Covid has kept us out of our stilettos for so long that most of us plan to go from winter Uggs straight into summer flip flops. Kitchens are the new show-off shoe closet. There is an Austrian kitchen design company that will groove especially shaped indentations to cuddle your whisk, your can opener, your potato masher into exotic hardwood fitted into drawers that roll as smooth as grease on a hot skillet.  Fortunately, even the humblest kitchen can be transformed into a satisfying workspace with some simple, budget-friendly fixes.

Obviously, cleanliness is essential. You are going to need to empty the cupboards and drawers in order to reorganize them, so take the opportunity to clean them thoroughly and reline anything that needs it.

Windex, Simple Green, Method or Dawn soap with water are all good for kitchen cleaning. Choose the one that you’re comfortable with. I pretty much use Windex for everything, like the Dad in My Big Fat Greek Wedding. But a lot of my clients prefer gentler products.
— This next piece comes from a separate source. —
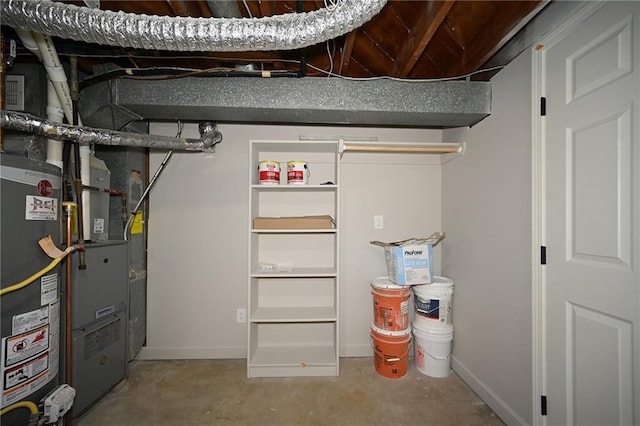 6309 E 102nd Ter, Kansas City, MO 64134 - unfinished below grade area featuring baseboards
With regards to shelf liner, I use it for cupboards and drawers that store anything that might damage the surface, like pots and pans or oils and vinegars, or for items that I don’t want directly on a hard surface because they might chip, like glassware and dishes. Liner in the spice, tea or grain storage areas also makes it easier to clean up spills because you can usually just take the liner out and shake or wipe it off.

Next, organize your cupboards logically and ergonomically. Let your mind and your body reap the benefit of commonsense placement. Heavy items, like a crock pot or mixer, should either stay on the counter or be stored in a place that is neither overhead or so low that you have to crouch to get it out. Obviously, the more you use something, the more conveniently it has to be stored. If you use your toaster or crock pot more than twice a week, you should probably just leave it on the counter.

Pots and pans are on the heavy side, so they should be stored in lower cupboards. Glassware and dishes can be stored in upper cabinets, if available, and as close to where you will set the table for dining as possible. Alternatively, having dishes and glassware close to the sink or dishwasher is also a good choice because it will make putting clean things away very easy. Glasses, tea pots and coffee pots situated close to a water source also makes sense.

A lot of kitchens, like mine, are without a pantry, so you may have to get creative with food storage. Extra canned goods and beverages may need to be stored in another room nearby, such as a laundry room or even the garage. But the refrigerator is a great storage space and lack of a pantry might inspire you to eat more fresh foods.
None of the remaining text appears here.